▶ [What to work on]:
What is needed is an exact copy of the data that follows.

*** Source material Section Begins ***

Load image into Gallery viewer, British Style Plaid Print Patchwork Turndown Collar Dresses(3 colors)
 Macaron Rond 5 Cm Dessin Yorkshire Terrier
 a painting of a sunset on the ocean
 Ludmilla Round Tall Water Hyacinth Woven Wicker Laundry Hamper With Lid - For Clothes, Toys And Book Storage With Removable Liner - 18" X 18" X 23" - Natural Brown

*** Source material Section Ends ***

▶ [Exercise solution]:
Load image into Gallery viewer, British Style Plaid Print Patchwork Turndown Collar Dresses(3 colors)
 Macaron Rond 5 Cm Dessin Yorkshire Terrier
 a painting of a sunset on the ocean
 Ludmilla Round Tall Water Hyacinth Woven Wicker Laundry Hamper With Lid - For Clothes, Toys And Book Storage With Removable Liner - 18" X 18" X 23" - Natural Brown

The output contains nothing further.